Every description of this sort is necessarily biased and reflects personal tastes of its authors. With this disclaimer, here are some concepts and ideas that we consider as milestones in the development of Theoretical Computer Science.
- The focus of the field changed from the study of computability in finite (but unbounded) time, to the more practical (but mathematically subtle) study of efficient computation. The fundamental notion of NP-completeness was formulated, and its near-universal impact was gradually understood. Long term goals, such as the P vs. NP question, were set.
- The theory of algorithms was developed, with the fundamental focus on asymptotic and worst-case analysis. Numerous techniques, of increasing mathematical sophistication, were invented to efficiently solve major computational problems.
- A variety of computational models, designed to explain and sometimes anticipate existing computer systems, were developed and studied. Among them are parallel and distributed models, asynchronous and fault-tolerant computation, on-line algorithms and competitive analysis.
- Randomness was introduced as a key tool and resource. This revolutionized the theory of algorithms. In many cases, probabilistic algorithms and protocols can achieve goals which are impossible deterministically.
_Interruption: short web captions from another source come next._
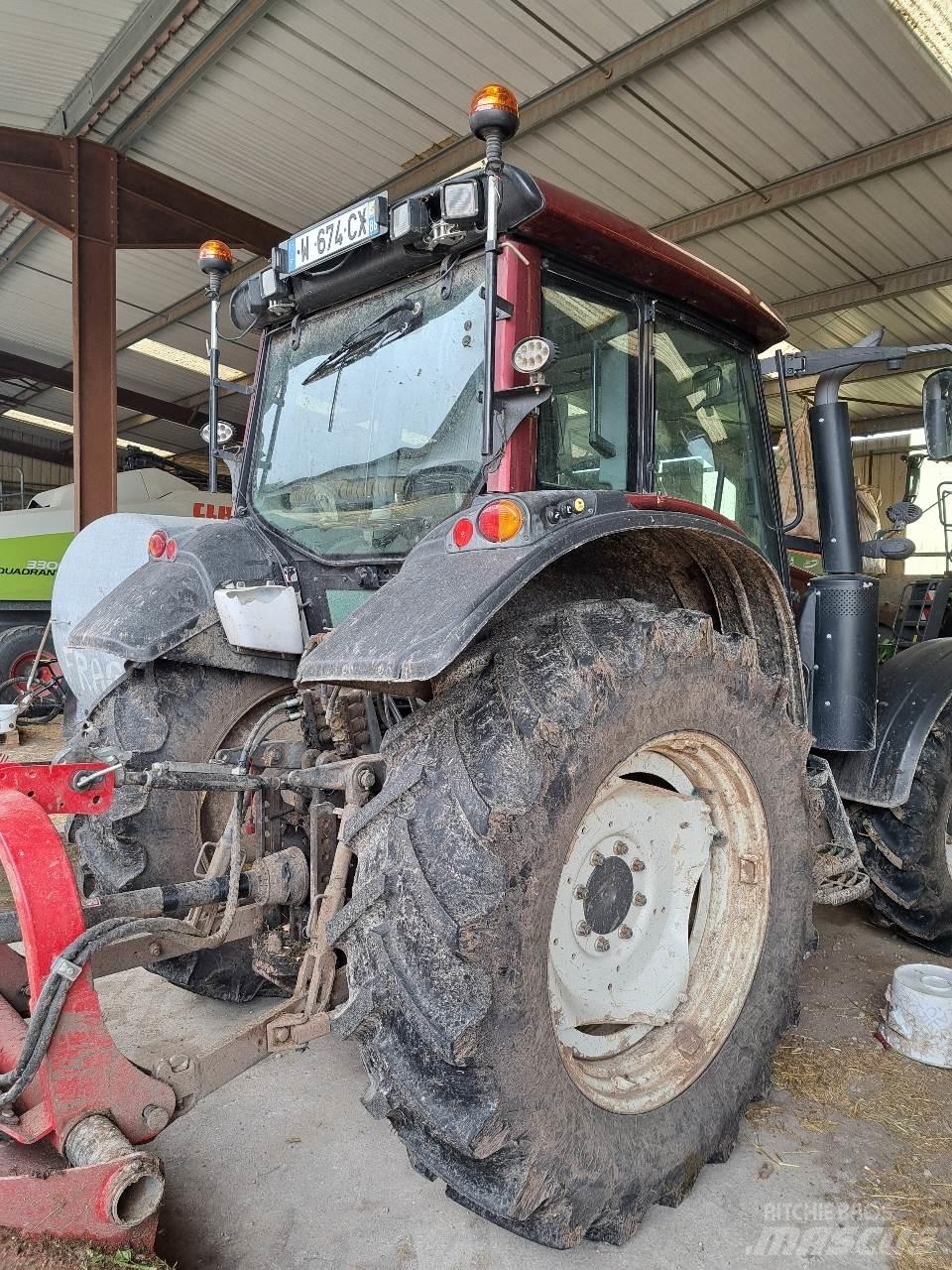Valtra N123 Traktorit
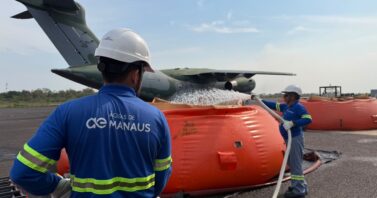 Águas de Manaus amplia apoio logístico às operações de combate aos incêndios no estado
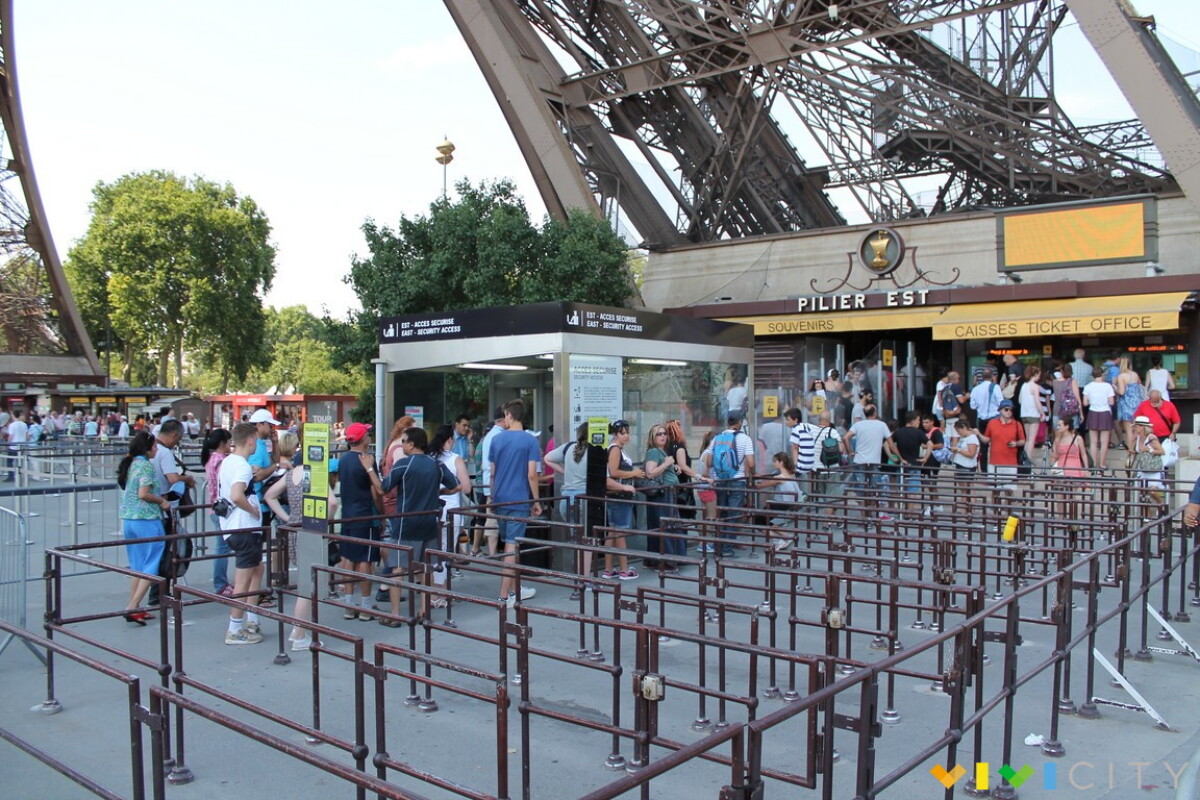 Prenota in anticipo i biglietti per salire sulla cima della Torre Eiffel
In other cases they enable much more efficient solutions than deterministic ones. Following this, a series of derandomization techniques developed to convert in general cases probabilistic algorithms to deterministic ones.
- The emergence of the notion of one-way functions (which are "easy to compute" but "hard to invert"), together with the use of randomness, has lead to the development of modern cryptography. This theory has provided essential ideas for secure communication and computation over networks, and has played a crucial role in the evolution of electronic commerce.
- The notion of interactive proof systems, in which knowledge is gained through interaction with untrusted parties, has been pivotal to both computational complexity theory and cryptography. Probabilistic proof systems, with their many variants --- zero knowledge, Arthur-Merlin, multi-prover, and probabilistically checkable proofs (PCPs), have enriched to a tremendous extent our understanding of many basic computational problems, including ones which superficially have nothing to do with randomness or interaction. As a prime example, our understanding of PCPs has led to enormous strides in our knowledge of the difficulty of finding approximate solutions to many natural optimization problems.
- The theory of pseudo-randomness has revealed intimate connections between computational difficulty and the task of derandomizing algorithms, and has brought us closer to understanding the power of randomness in various computational settings. See also the Special Year on Computational Complexity 2000-2001, topic page.
- Complexity theory, attempting to classify problems according to their computational difficulty, has integrated many of the ideas above, and has become much more mature and intricate. There were many nontrivial successes in proving lower bounds on restricted models of computation. The failure to do so for general models (towards the P vs. NP question) has motivated the introspective field of proof complexity, which tries to quantify the resource requirements of proofs and the intrinsic difficulty of proving various mathematical statements.